Schema and table management#

The Схемы и таблицы functionality includes support for:

The connector supports creating schemas. You can create a schema with or without a specified location.

You can create a schema with the CREATE SCHEMA statement and the location schema property. Tables in this schema are located in a subdirectory under the schema location. Data files for tables in this schema using the default location are cleaned up if the table is dropped:

CREATE SCHEMA example.example_schema
WITH (location = 's3://my-bucket/a/path');

Optionally, the location can be omitted. Tables in this schema must have a location included when you create them. The data files for these tables are not removed if the table is dropped:

CREATE SCHEMA example.example_schema;

When Delta Lake tables exist in storage but not in the metastore, Trino can be used to register the tables:

CALL example.system.register_table(schema_name => 'testdb', table_name => 'example_table', table_location => 's3://my-bucket/a/path')

The table schema is read from the transaction log instead. If the schema is changed by an external system, Trino automatically uses the new schema.

Предупреждение

Using CREATE TABLE with an existing table content is disallowed, use the system.register_table procedure instead.

If the specified location does not already contain a Delta table, the connector automatically writes the initial transaction log entries and registers the table in the metastore. As a result, any Databricks engine can write to the table:

CREATE TABLE example.default.new_table (id BIGINT, address VARCHAR);

The Delta Lake connector also supports creating tables using the CREATE TABLE AS syntax.

The connector supports the following ALTER TABLE statements.

Replace tables#

The connector supports replacing an existing table as an atomic operation. Atomic table replacement creates a new snapshot with the new table definition as part of the table history.

To replace a table, use CREATE OR REPLACE TABLE or CREATE OR REPLACE TABLE AS.

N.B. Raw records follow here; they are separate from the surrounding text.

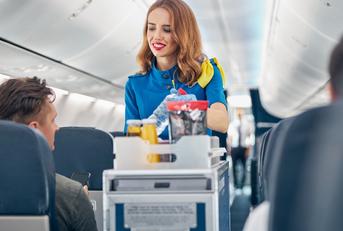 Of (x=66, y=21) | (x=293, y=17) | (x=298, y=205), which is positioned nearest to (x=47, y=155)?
(x=298, y=205)

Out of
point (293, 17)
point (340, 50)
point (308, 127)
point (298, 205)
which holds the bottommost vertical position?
point (298, 205)

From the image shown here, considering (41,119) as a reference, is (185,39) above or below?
above

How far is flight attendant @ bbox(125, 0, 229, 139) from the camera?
3102 millimetres

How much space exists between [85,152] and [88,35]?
3927 mm

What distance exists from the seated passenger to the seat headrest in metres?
0.92

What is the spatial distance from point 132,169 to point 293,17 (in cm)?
637

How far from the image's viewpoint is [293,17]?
331 inches

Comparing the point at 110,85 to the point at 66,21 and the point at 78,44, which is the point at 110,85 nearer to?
the point at 78,44

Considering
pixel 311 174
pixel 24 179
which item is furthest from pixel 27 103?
pixel 311 174

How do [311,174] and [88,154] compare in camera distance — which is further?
[88,154]

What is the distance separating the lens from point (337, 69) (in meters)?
1.39

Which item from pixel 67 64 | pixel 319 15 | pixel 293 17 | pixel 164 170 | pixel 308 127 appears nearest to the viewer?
pixel 308 127

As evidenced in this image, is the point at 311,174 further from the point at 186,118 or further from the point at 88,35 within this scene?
the point at 88,35

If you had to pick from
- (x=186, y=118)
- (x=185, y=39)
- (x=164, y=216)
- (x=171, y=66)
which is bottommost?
(x=164, y=216) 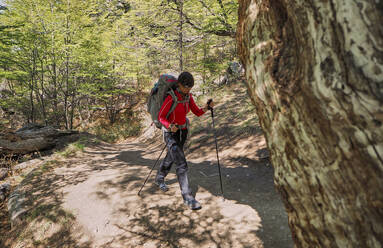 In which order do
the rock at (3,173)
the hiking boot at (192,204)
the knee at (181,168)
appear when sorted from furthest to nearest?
the rock at (3,173)
the knee at (181,168)
the hiking boot at (192,204)

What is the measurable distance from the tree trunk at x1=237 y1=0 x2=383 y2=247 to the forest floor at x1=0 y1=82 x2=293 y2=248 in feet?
5.91

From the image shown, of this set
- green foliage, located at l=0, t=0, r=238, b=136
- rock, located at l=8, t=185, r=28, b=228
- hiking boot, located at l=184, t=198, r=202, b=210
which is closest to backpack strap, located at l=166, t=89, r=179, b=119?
hiking boot, located at l=184, t=198, r=202, b=210

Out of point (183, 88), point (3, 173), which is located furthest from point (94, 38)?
point (183, 88)

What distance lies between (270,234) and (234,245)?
510 mm

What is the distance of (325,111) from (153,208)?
3.49 metres

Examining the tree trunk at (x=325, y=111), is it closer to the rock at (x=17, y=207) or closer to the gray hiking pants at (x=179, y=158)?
the gray hiking pants at (x=179, y=158)

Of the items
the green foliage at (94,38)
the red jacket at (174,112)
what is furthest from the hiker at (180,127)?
the green foliage at (94,38)

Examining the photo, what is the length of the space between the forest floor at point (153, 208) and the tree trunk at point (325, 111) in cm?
180

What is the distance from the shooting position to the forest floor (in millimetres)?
3084

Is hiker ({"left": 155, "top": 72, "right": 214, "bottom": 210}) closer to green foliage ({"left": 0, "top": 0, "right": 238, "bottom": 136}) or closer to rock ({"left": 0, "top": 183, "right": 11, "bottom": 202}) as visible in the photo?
green foliage ({"left": 0, "top": 0, "right": 238, "bottom": 136})

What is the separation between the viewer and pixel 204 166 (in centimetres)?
638

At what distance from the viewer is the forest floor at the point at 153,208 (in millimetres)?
3084

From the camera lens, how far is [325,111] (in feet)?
3.51

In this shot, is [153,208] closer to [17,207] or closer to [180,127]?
[180,127] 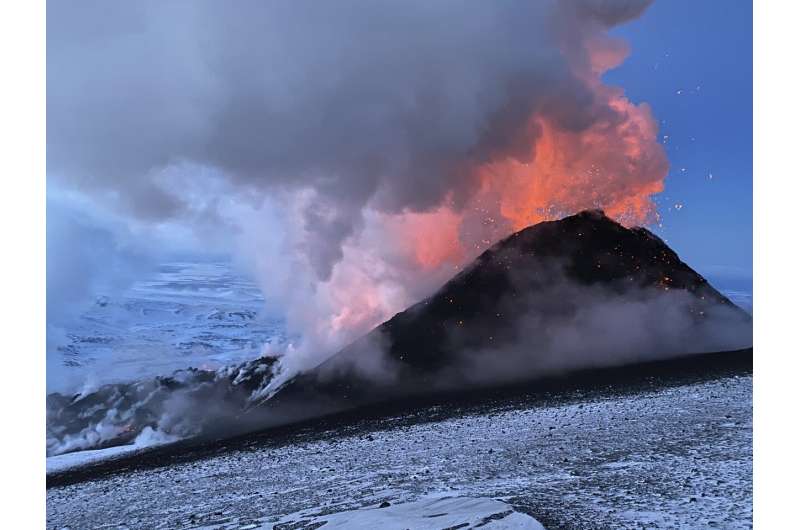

In this example, a table example_table is replaced by a completely new definition and data from the source table:

CREATE OR REPLACE TABLE example_table
WITH (partitioned_by = ARRAY['a'])
AS SELECT * FROM another_table;

ALTER TABLE EXECUTE#

The connector supports the following commands for use with ALTER TABLE EXECUTE.

optimize#

The optimize command is used for rewriting the content of the specified table so that it is merged into fewer but larger files. If the table is partitioned, the data compaction acts separately on each partition selected for optimization. This operation improves read performance.

All files with a size below the optional file_size_threshold parameter (default value for the threshold is 100MB) are merged:

ALTER TABLE test_table EXECUTE optimize

The following statement merges files in a table that are under 128 megabytes in size:

ALTER TABLE test_table EXECUTE optimize(file_size_threshold => '128MB')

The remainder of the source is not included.